State v. . Marks

101 S.E. 24 | N.C. | 1919

The defendants were indicted under Rev. 3634, on a charge for kidnapping one Annie Smith, and were convicted of an assault upon a woman. They were sentenced to jail for a period of 15 months and 10 months, respectively, with authority to the county commissioners to work them upon the county roads, and appealed. It appears from the State's evidence that Annie Smith, the girl alleged to have been kidnapped, is something over 25 years of age, and so mentally deficient as to be commonly called an idiot. Her parents were dead, and she lived with two unmarried uncles, near Roanoke Rapids. About 30 July, 1919, the defendants, in an automobile, came to the Smith house ostensibly to get cider, and carried her off about 12 o'clock, and brought her back about 4 p.m.
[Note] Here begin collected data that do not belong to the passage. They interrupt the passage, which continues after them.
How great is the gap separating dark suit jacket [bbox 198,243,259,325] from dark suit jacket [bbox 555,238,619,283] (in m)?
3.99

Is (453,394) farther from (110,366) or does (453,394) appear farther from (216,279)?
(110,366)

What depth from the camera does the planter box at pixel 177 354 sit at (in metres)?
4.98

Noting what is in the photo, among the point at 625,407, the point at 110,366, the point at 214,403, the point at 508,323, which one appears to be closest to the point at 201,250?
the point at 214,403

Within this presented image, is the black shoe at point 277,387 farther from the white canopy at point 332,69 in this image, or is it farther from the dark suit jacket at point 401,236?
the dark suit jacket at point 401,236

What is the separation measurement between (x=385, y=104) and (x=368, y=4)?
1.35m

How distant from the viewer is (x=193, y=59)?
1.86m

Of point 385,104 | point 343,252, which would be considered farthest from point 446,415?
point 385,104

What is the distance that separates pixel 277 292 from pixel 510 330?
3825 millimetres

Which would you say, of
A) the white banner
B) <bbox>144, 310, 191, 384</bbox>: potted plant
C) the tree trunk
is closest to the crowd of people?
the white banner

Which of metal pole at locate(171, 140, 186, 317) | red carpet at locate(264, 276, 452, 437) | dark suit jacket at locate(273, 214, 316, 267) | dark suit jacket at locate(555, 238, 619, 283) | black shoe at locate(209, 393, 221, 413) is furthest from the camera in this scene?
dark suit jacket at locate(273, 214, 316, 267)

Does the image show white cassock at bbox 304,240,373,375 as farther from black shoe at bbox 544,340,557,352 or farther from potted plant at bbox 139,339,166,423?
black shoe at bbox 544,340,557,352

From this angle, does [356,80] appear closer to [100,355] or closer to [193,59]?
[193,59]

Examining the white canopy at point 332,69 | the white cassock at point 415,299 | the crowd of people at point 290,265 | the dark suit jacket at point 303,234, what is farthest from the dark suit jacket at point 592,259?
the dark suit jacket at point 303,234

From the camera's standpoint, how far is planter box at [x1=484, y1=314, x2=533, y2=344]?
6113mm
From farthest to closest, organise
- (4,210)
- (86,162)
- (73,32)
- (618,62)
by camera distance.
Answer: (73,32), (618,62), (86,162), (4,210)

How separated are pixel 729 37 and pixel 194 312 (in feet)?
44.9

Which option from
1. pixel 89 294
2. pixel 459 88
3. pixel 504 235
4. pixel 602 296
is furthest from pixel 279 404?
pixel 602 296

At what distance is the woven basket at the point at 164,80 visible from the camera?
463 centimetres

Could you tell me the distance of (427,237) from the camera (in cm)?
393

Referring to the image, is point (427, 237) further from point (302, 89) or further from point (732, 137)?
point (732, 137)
The defendant Marks was over 18 years of age, and married, and Farmer was 38 years of age. *786

There was evidence that while they were in the car one of the men was seen to have his arm around the girl; that Marks and the girl got out of the car and went into a thick piece of woods and stayed awhile; that Farmer was seen lying on the back seat of the car with his head in the girl's lap, and when they came back Farmer jumped out of the car and ran, and one of the unless met Marks at the door and beat him with his gun. The court charged the jury correctly in the language of the statute as to what constituted kidnapping, and stated the contentions of the State and the defendants. He charged the jury: "If these men went to the house, knowing the girl had not sufficient mind to protect herself, with the intention to decoy her away from home, to take her off in the woods, and improperly treat her, that in itself would be such a fraud upon her as would make it immaterial whether she consented to go out or not." and would constitute such a fraud as would meet the requirements of the law as to the crime of kidnapping.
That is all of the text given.